Dear friends and readers,

Since Love and Friendship is apparently doing well enough commercially that Whit Stillman’s film has not yet left general run theaters, and more and more people have seen it. Stillman’s re-titling of Austen’s mid-career epistolary novella has come under discussion. I thought I’d add a qualifying note in the form of this blog: Austen did not title her fair copy manuscript, it’s salutary to remember that except for the four novels she shepherded into print, we can’t be sure any of her titles represent her first or last decision or determined preference at all, if she had one.
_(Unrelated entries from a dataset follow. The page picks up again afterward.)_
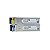 Par de Módulos Mikrotik SFP S-3553LC20D - Imagem 1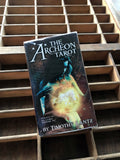 6Witch3 Archeon Tarot box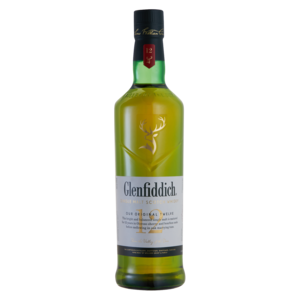 Glenfiddith 12]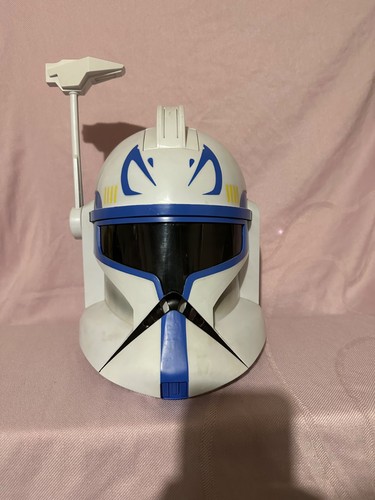 Star wars captain - wars, rex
Two of these four texts supervised by Austen herself, have had other names: Pride and Prejudice was for many years a long sharply satiric novel, possibly heavily epistolary denominated First Impressions. Austen told people in the “know” about her authorship, that Martha has read First Impressions so many times, that she might commit it to memory, in order to write it out and sell it herself. Sense and Sensibility began life as a brief epistolary novel, named after the two correspondents: Elinor and Marianne. By the time it was lengthened into the book Cassandra mentions as written 1797-98, it had become Sense and Sensibility.
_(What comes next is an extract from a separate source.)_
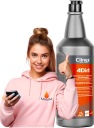 CLINEX 4DIRT Odstraňovanie ťažkých mastných nečistôt 1L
Lady Susan (so-called) comes third in the succession of posthumous works after Austen’s early death (1871). Of these three, Northanger Abbey (1817) was titled Susan when it was sold in 1803 to Crosby; when we hear of it again in 1816 it has become Catherine. Family tradition says Persuasion (1817) was first titled The Elliots, whose appropriateness is signaled by its first French translator who called the novel La Famille Elliot [ou l’ancienne inclination]. Northanger Abbey and Persuasion are Henry and Cassandra’s inspired choices; the pairing them as “sister-novels” (two Bath books?) the result of the way Henry and Cassandra printed them together, with the biographical notice by Henry.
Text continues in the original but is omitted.